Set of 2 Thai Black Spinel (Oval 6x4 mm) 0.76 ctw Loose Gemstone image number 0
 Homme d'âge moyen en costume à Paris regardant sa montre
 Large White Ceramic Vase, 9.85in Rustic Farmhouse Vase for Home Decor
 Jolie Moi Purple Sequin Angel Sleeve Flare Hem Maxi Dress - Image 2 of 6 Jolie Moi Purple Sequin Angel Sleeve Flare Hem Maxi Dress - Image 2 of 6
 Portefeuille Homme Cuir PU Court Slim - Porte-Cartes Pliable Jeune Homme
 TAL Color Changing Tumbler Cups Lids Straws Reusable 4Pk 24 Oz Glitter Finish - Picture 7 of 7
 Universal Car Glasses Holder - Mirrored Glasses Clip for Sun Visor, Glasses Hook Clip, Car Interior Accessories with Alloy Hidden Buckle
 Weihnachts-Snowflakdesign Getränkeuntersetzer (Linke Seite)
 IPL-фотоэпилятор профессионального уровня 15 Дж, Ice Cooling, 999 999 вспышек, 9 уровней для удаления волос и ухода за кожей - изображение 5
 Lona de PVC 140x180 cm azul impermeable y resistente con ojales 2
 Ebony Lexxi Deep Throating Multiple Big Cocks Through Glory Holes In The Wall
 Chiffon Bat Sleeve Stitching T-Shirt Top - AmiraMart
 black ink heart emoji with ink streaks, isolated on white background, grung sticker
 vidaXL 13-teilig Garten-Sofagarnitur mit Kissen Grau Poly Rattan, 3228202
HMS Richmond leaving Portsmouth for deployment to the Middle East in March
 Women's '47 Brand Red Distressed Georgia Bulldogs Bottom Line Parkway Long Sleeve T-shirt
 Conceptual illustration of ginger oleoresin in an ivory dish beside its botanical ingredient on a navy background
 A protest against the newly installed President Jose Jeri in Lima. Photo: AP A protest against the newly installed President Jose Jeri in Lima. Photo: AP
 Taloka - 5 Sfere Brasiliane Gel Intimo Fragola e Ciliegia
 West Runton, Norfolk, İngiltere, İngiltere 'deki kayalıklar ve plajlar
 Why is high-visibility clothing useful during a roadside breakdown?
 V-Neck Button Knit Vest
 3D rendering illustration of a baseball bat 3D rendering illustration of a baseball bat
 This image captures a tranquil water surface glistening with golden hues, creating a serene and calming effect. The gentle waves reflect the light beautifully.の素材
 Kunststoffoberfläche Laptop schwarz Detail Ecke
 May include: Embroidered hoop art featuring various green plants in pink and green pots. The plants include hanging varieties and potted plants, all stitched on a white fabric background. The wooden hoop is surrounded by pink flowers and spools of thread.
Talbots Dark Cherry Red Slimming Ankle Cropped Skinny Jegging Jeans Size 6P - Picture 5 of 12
━━━━━━━━━━
| WORK TASK |
Please transcribe the records exactly from their first line through the line holding "6 Jolie Moi", and leave out all others.

| ANSWER SECTION |
Set of 2 Thai Black Spinel (Oval 6x4 mm) 0.76 ctw Loose Gemstone image number 0
 Homme d'âge moyen en costume à Paris regardant sa montre
 Large White Ceramic Vase, 9.85in Rustic Farmhouse Vase for Home Decor
 Jolie Moi Purple Sequin Angel Sleeve Flare Hem Maxi Dress - Image 2 of 6 Jolie Moi Purple Sequin Angel Sleeve Flare Hem Maxi Dress - Image 2 of 6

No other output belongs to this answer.